4688 sayılı Kamu Görevlileri Sendikaları ve Toplu Sözleşme Kanunu’nun 32’nci maddesine göre; 27.6.1989 tarihli ve 375 sayılı KHK'nin Ek 15'inci maddesi hükümleri çerçevesinde sosyal denge tazminatının ödenmesine belediyelerde belediye başkanının teklifi üzerine belediye meclisince, il özel idaresinde valinin teklifi üzerine il genel meclisince karar verilmesi halinde, sözleşme döneminde verilecek sosyal denge tazminatı tutarını belirlemek üzere ilgili mahalli idarede en çok üyeye sahip sendikanın genel başkanı veya sendika yönetim kurulu tarafından yetkilendirilecek bir temsilcisi ile belediyelerde belediye başkanı, il özel idaresinde vali arasında, Toplu Sözleşme sürecinin tamamlanmasını izleyen üç ay içerisinde sözleşme yapılabilecektir.

375 sayılı KHK’nin Ek 15’inci maddesinde ise; sosyal denge tazminatının ödenebilecek aylık tutarının, 4688 sayılı Kanun’a göre yapılan Toplu Sözleşme’de belirlenen tavan tutarı geçmemek üzere ilgili belediye ve il özel idaresi ile ilgili belediye ve il özel idaresinde en çok üyeye sahip kamu görevlileri sendikası arasında yapılabilecek sözleşmeyle belirleneceği belirtilmiştir.

4688 sayılı Kanun uyarınca imzalanan Kamu Görevlilerinin Geneline ve Hizmet Kollarına Yönelik Mali ve Sosyal Haklara İlişkin 2018 ve 2019 Yıllarını Kapsayan 4. Dönem Toplu Sözleşme’nin Yerel Yönetim Hizmet Koluna İlişkin Toplu Sözleşme bölümünün “Sosyal denge tazminatı” başlıklı 1’inci maddesinin (1) numaralı fıkrasında da; sosyal denge tazminatının aylık tavan tutarı en yüksek Devlet memuru aylığının (ek gösterge dahil) %100’ü olarak belirlenmiştir.
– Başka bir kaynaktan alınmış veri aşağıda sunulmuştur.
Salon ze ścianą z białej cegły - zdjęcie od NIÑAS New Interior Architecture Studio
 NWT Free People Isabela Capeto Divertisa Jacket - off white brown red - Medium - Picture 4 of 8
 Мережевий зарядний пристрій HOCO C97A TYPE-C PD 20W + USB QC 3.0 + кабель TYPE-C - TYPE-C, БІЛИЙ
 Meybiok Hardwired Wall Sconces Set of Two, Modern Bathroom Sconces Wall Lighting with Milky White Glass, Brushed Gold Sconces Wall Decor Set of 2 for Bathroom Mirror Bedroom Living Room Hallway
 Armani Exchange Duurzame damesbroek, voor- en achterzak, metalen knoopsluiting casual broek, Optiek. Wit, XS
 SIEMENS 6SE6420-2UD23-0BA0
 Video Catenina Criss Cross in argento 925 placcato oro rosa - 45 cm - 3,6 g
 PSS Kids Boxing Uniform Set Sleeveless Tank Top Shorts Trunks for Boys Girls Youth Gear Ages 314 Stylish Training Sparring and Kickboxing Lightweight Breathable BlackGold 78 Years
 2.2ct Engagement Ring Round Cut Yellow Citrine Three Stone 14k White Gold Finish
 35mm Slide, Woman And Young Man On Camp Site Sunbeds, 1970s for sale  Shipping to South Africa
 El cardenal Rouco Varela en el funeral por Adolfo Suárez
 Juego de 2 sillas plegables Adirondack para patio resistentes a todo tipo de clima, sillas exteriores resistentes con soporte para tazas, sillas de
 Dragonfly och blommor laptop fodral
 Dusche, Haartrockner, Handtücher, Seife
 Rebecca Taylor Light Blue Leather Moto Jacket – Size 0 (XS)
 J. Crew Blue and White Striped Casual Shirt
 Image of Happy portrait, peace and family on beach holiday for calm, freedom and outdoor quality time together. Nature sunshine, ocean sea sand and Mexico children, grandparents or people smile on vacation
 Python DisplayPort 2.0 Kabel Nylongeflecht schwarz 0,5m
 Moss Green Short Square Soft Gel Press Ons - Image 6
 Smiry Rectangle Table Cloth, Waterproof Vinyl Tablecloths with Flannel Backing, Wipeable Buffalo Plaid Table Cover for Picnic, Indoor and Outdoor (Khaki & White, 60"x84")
Yukarıda belirtilen yasal düzenlemeden de görüleceği üzere, sosyal denge sözleşmesinde düzenlenen tazminatın tutarı; görev yapılan birim ve iş hacmi, görevin önem ve güçlüğü, görev yerinin özelliği, çalışma süresi, kadro veya görev unvanı ile derecesi gibi kriterlere göre belirlenebilecek, ancak, mevzuatında belirtilen tavan tutarı aşamayacaktır.


Diğer yandan; 4688 sayılı Kanun’un geçici 14’üncü maddesinde, 15.03.2012 tarihinden önce 375 sayılı Kanun Hükmünde Kararname’nin Ek 15’inci maddesi kapsamındaki idareler ile ilgili sendikalar arasında toplu iş sözleşmesi, toplu sözleşme, sosyal denge sözleşmesi ve benzeri adlar altında imzalanan ve 11.04.2012 tarihinde de yürürlükte olan sözleşmelerin uygulanmasına, söz konusu sözleşmelerde öngörülen sürelerin sonuna kadar devam edilebileceği; bu tarih itibariyle yürürlükte bulunan sözleşmeler uyarınca unvanlar itibariyle ödenen aylık ortalama tutarların 4688 sayılı Kanun’a göre yapılan Toplu Sözleşme’de belirlenen tavan tutarı geçmesi durumunda eski sözleşmede unvanlar itibarıyla ilgili personele ödenen ortalama aylık tutarların, mevzuatında belirtilen tarihe kadar tavan tutar olarak esas alınabileceği hüküm altına alınmıştır. Dolayısıyla, yeni imzalanacak sosyal denge sözleşmelerinde yukarıda belirtilen şekilde, 15.03.2012 tarihinden önce imzalanan ve 11.04.2012 tarihinde de yürürlükte olan sözleşmelerdeki personel lehine olan hükümler dikkate alınabilecektir.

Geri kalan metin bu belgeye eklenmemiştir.